Phonetic ONE, Phonetic Phenom EP
Alright, so most people under 40 aren't surprised anymore by the growing interaction between hip-hop and academia (we hope). Even so, we didn't know what to expect from some EPs the UW's First Wave hip-hop program put out from its student artists. What we got was a confident, often quite skillful intersection of old-school rap and spoken-word. Of all these, Phonetic ONE shows off the most momentum and versatility, stretching and condensing his lines like a very rhythmically inclined Slinky.
Pushmi-Pullyu, Together and Golden Days EPs
Pushmi-Pullyu played in member John Kruse's basement nearly as often as it did actual venues this year, and released only a couple of split EPs (sharing Together with a New Zealand outfit called The Enright House, and the cassette- and torrent-only Golden Days with fellow local and collaborator K. Wilhelm). Kruse is a shy singer and relies on a bunch of stuff plugged into a laptop. All these factors make Pushmi-Pullyu seem a little more hard-to-get than it actually is.

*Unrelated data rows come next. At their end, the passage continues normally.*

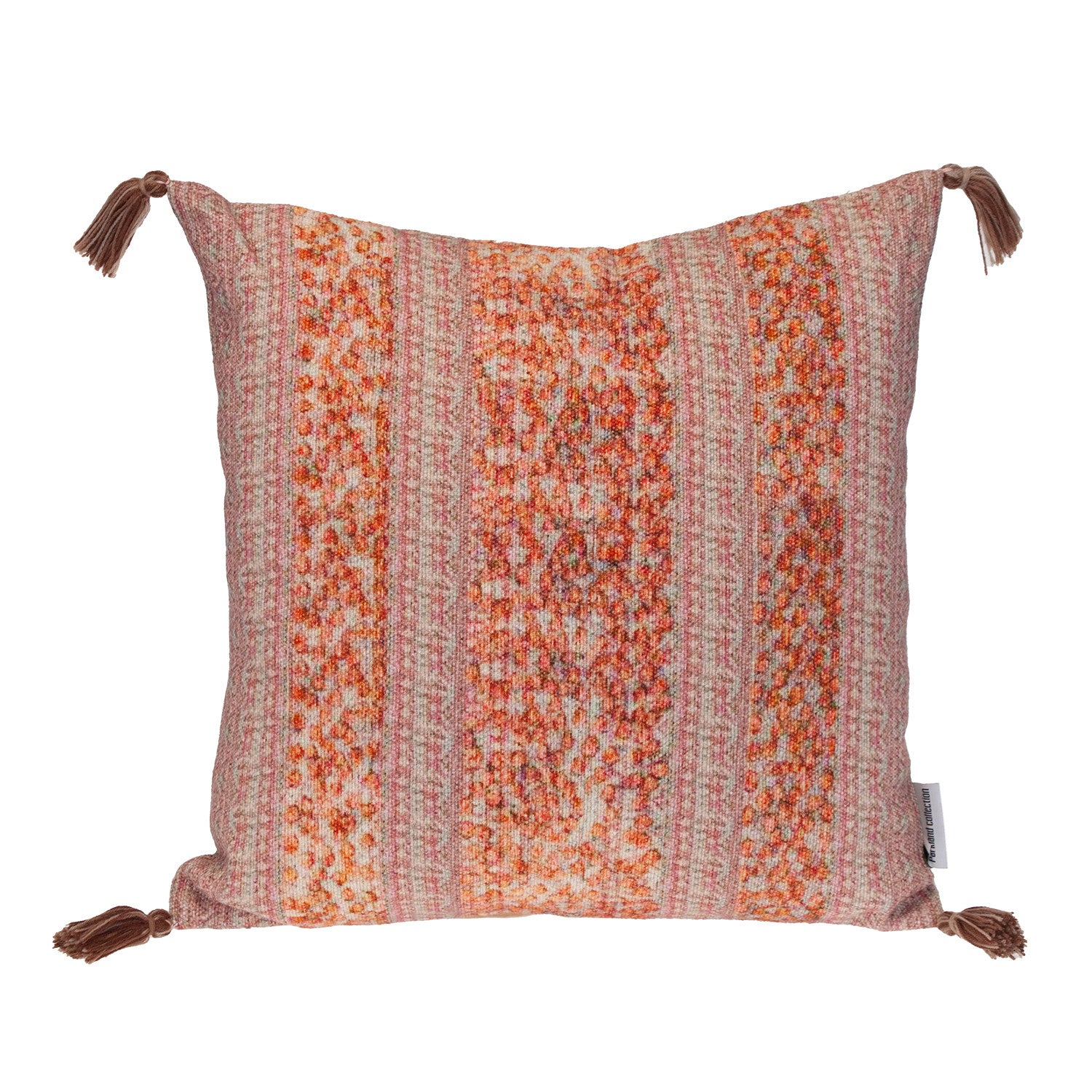 18" Pink and Orange Striped Cotton Throw Pillow With Tassels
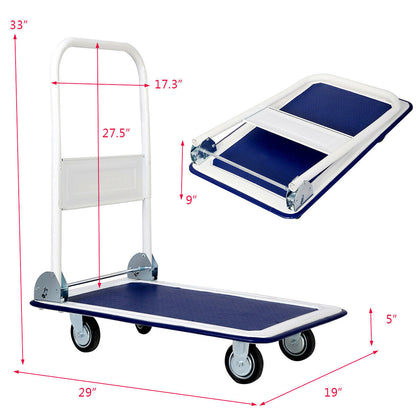 Carretilla de plataforma plegable de 330 libras para almacén
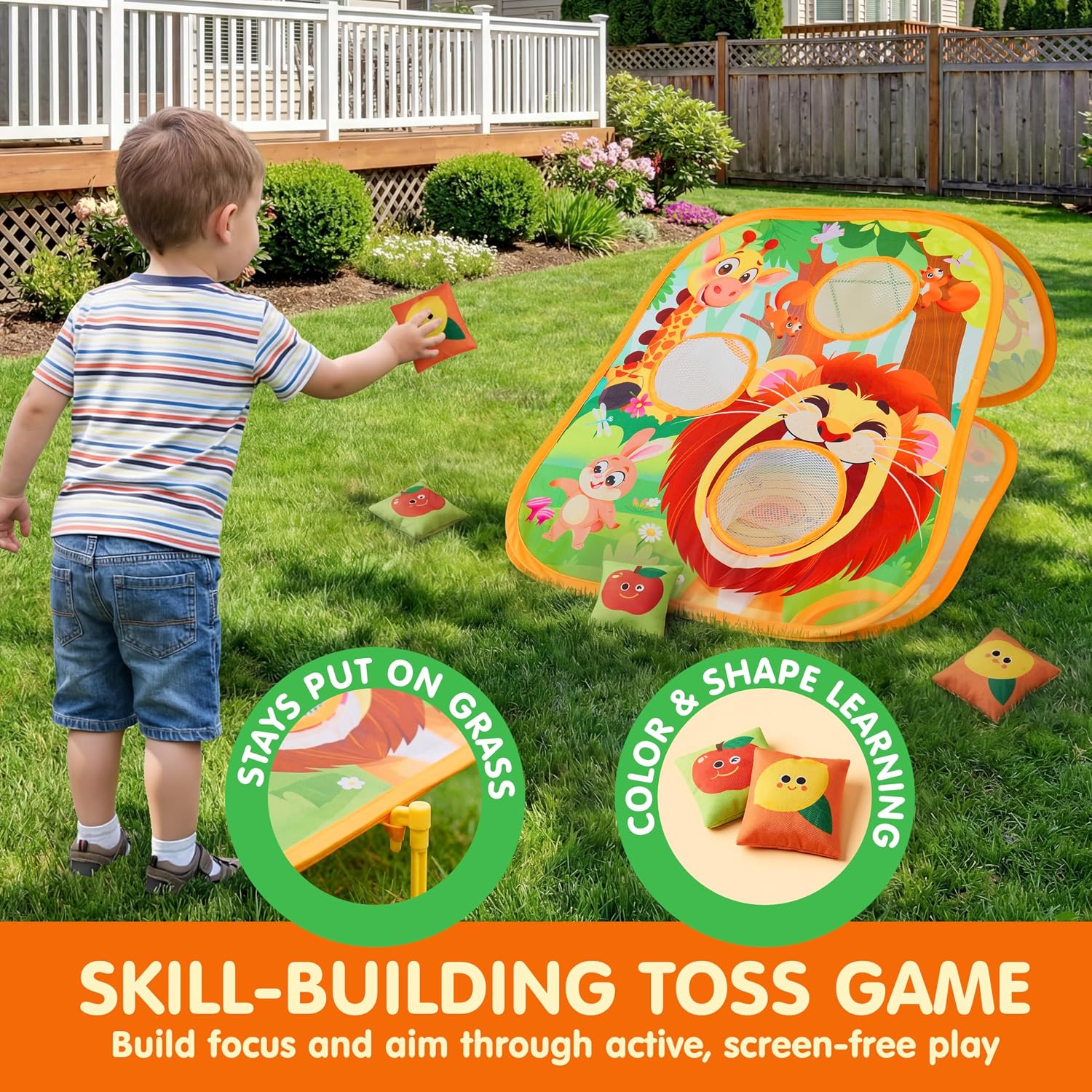 JOYIN 3-in-1 Animal Bean Bag Toss Game for Kids, Portable Corn Hole Games with Tic Tac Toe & Small Sticky Balls, Indoor & Outdoor Toys for Party Yard Beach Lawn, Birthday Gift for Boys Girls Toddlers - Image 3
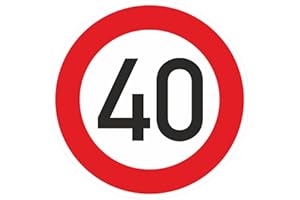 KAUFDEINSCHILD Geburtstagschild 40 Verkehrszeichen Verkehrsschild Straßenschild Geburtstagsschild Schild Geburtstag PVC 40 cm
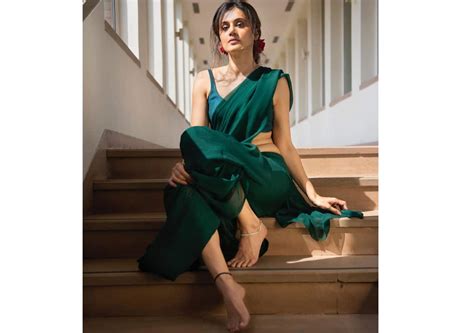 taapsee pannu is the desi girl gone global as she dons sarees for her vacation aboard you won t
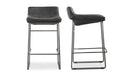 STARLET COUNTER STOOL ONYX BLACK LEATHER -SET OF TWO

Kruse's synths are more likely to ring out in welcoming, glass-pure tones than fart out kitschy dance hooks, carving an accessible trail through this pairing of slow-building pop and electronic ambience.
Revolving Doors, Songs For Car Commercials
You'd usually expect an instrumental-rock album to feel ostentatious and help itself to an exorbitant chunk of your time. Revolving Doors' live sets may involve a mountain of gear, but the actual music on Songs For Car Commercials values brevity as much as it does pretty layers of sound. And when Revolving Doors do try to get boisterous and epic, as on the song "Fog," it's by bringing drums, guitar, and synth into focus on a strong hook, not just by suddenly hitting a distortion pedal.
Spectrum Trio, self-titled
Recreating traditional West African chants and Afro-Cuban rhythms in a convincing way would be a tall order for any Wisconsin-bred act. The three percussion-heads in Spectrum Trio manage to keep invested in the details without losing the rhythmic impact up-front, and experiment with synths and more fully fleshed-out jazz numbers in the process.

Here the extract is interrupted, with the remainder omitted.